In the beginning: The church of the first four centuries met in privately owned houses (Romans 16:5, 1 Corinthians 16:19, Colossians 4:15, Philemon 2).
Today ‘house churches’ are all the rage, but they aren’t anything like house churches in the New Testament. A modern house is generally the residence of a nuclear family, but a house in the Roman Empire was a much larger building that was not just the home of an extended family, its slaves, and employees, it was also the household’s place of business. A modern house church typically consists of a dozen or so people hunkered around the coffee table in the living room, some sitting on chairs dragged in from other rooms, but an ancient house church typically consisted of about 100 or so people standing in a large, mostly unfurnished public room called an atrium. Worship in a modern house church is very informal; from legal records of government raids on ancient house churches and the type of religious articles that they seized, we know that worship in an ancient house church was formal. The closest equivalent to an ancient house church is a modern church.

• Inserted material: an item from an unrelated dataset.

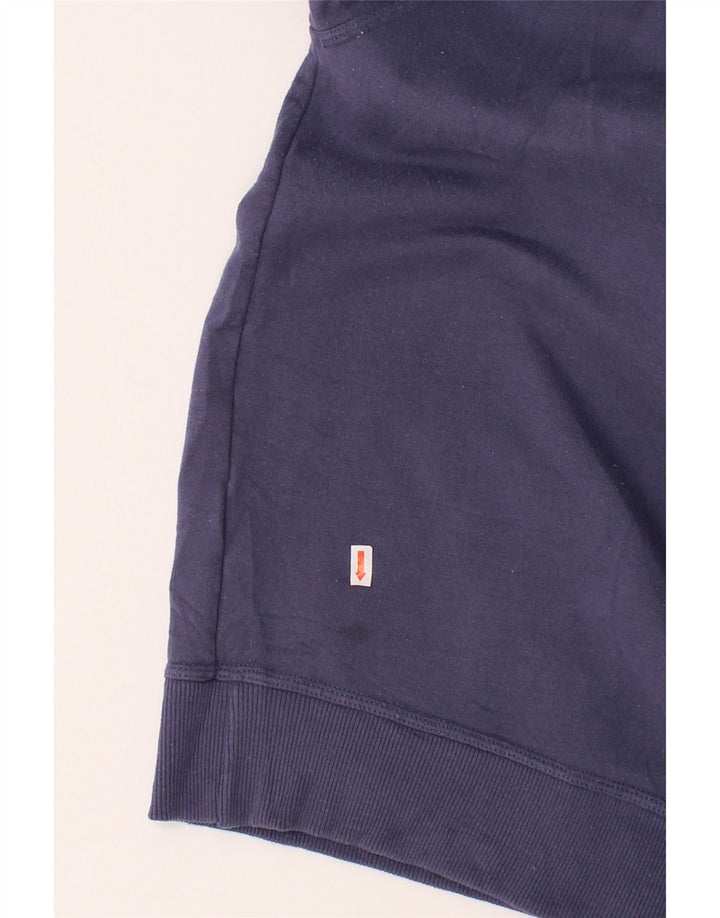 CHAMPION Mens Sweatshirt Jumper XL Navy Blue Cotton Vintage Champion and Second-Hand Champion from Messina Hembry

The front door of a Roman house was the public entrance for people who had business dealings with the household. It opened into a very large rectangular room—the atrium—that had a well, stream, or small pool just inside the entrance. The atrium could be very ornate, with a colorful mosaic floor and paintings of ancestors on the walls, but there was very little, if any furniture. On the other side of the atrium, opposite the front door, there was a raised platform that served as the household’s dining room with a chopping block front and center. There was no wall separating the dining room from the atrium, which allowed servants to attend to the diners from the atrium.
When the household was conducting its business, the atrium was a busy place, filled with people talking to each other and doing business with the household. Since the dining room was a raised platform without a wall separating it from the atrium, it was the best place for the father and his sons to conduct business. The father sat in the center behind the chopping block where he oversaw the proceedings, while his sons, seated on either side against the back wall, conducted the business of the household.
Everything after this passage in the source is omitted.